Murky politics, exciting visuals
In the early 1920s, Nobelwinning Bengali poet and dramatist Rabindranath Tagore wrote the play “Red Oleanders” (a.k.a “Raktokarobi”), a lyrical and allegorical tale about a warmhearted woman who rallies the working class against a lazily greedy king. Unlike a lot of Tagore’s other work, however, this piece didn’t translate well abroad and remains relatively obscure outside of the Indian subcontinent.
Writer-director Amitava Bhattacharya’s “Red Oleanders Raktokarobi” isn’t, strictly speaking, an adaptation. It’s about a theater troupe attempting to mount a production of Tagore’s play, and it tracks how the impresario in charge (played by Shantilal Mukherjee) and his opinionated star (Mumtaz Sorcar) begin in their real lives to fall into the patterns of the story they’re trying to tell onstage.
Bhattacharya (who previously made the provocatively gender-bending film “Conditions Apply”) ties his take on Tagore to contemporary politics in ways that may be hard for American audiences to follow — even though the characters speak bluntly and somewhat stiltedly about subjects like democracy and independence.

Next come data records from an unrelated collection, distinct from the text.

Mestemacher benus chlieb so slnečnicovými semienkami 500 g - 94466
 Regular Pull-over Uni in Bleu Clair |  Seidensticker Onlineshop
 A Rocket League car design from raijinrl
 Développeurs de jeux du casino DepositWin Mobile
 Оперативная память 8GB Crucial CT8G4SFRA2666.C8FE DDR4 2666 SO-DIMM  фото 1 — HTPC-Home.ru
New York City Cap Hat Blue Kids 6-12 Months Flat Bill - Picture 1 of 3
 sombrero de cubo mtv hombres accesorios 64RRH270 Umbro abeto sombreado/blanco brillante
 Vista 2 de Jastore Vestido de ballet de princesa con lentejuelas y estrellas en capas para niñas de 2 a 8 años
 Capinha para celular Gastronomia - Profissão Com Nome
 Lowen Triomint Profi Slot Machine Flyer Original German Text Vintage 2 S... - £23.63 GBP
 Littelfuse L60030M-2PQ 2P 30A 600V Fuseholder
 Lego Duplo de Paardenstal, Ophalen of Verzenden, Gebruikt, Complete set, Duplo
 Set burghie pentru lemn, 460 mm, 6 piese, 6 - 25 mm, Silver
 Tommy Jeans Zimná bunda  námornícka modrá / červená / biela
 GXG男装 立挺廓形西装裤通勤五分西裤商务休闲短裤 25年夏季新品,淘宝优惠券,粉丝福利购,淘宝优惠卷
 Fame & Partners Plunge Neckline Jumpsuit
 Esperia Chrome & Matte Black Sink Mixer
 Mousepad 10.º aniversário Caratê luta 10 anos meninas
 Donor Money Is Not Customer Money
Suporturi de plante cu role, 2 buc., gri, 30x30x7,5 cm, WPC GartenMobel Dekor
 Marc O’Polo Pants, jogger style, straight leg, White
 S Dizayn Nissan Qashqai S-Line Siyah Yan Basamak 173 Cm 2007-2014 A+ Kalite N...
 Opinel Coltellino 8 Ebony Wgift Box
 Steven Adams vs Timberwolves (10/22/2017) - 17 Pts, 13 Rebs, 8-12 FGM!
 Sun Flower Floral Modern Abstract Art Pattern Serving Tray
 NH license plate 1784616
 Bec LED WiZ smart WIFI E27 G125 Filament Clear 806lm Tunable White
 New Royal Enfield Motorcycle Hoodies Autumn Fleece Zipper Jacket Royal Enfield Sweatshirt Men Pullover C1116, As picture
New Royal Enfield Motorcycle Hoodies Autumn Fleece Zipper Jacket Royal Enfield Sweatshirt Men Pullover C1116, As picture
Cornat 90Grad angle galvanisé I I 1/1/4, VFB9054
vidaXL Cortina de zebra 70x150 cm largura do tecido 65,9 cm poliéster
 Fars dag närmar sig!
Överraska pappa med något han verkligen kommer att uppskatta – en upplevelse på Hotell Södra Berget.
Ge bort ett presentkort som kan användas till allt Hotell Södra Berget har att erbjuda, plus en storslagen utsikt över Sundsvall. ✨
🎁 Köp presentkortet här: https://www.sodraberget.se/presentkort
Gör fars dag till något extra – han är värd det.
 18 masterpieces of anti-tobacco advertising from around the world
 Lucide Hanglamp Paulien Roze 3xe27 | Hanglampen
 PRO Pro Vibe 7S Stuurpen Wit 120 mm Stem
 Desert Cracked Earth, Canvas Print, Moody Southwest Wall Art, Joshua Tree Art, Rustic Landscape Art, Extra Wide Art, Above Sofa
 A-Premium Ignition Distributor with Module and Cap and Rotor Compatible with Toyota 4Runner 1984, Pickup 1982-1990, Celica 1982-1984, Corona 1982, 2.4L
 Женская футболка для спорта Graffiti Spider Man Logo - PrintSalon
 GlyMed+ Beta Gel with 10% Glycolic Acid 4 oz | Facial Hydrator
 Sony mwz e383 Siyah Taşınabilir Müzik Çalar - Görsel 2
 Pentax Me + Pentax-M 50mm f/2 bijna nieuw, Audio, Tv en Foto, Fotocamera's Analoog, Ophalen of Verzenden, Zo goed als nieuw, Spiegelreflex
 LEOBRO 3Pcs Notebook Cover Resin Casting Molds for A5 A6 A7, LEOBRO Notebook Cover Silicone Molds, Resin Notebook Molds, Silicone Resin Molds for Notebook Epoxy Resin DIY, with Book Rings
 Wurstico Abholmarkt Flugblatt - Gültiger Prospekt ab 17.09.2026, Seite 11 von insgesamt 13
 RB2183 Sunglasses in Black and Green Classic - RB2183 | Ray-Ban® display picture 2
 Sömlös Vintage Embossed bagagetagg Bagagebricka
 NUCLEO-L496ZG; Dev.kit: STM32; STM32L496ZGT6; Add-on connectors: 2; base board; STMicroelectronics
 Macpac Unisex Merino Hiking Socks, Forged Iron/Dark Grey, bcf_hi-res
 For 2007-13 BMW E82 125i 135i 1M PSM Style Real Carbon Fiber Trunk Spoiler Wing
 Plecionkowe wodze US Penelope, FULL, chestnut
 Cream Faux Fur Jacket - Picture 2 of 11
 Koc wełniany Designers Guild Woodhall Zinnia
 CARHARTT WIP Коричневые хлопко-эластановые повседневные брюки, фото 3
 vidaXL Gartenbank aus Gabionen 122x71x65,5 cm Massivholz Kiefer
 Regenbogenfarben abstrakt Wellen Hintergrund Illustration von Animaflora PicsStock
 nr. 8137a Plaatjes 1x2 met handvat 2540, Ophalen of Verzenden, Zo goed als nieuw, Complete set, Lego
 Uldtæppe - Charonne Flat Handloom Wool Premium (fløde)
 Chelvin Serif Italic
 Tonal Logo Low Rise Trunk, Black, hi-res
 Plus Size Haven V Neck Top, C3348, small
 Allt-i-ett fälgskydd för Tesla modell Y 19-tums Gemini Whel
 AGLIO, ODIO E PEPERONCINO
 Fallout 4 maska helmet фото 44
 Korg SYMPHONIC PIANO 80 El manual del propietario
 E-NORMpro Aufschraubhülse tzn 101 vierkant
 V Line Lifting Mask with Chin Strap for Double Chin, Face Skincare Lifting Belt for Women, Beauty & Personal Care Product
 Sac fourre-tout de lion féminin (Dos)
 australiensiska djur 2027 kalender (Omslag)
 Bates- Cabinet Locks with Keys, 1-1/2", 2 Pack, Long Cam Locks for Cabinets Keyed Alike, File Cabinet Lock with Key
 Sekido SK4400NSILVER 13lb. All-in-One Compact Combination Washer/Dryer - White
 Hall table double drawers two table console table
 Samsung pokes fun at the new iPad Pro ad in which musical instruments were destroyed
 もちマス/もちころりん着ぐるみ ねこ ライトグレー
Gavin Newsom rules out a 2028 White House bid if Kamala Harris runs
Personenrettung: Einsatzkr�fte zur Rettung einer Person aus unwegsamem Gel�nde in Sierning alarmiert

Still, Bhattacharya has skill as a visual stylist and ambition as a storyteller. The best scenes in “Red Oleanders Raktokarobi” layer live theater, poetic allusion and Bollywood pop — which makes them exciting to watch, even when their meaning isn’t absolutely clear.
“Red Oleanders Raktokarobi.” In Bengali with English subtitles. Not rated. Running time: 1 hour, 53 minutes. Playing: Laemmle Playhouse 7, Pasadena.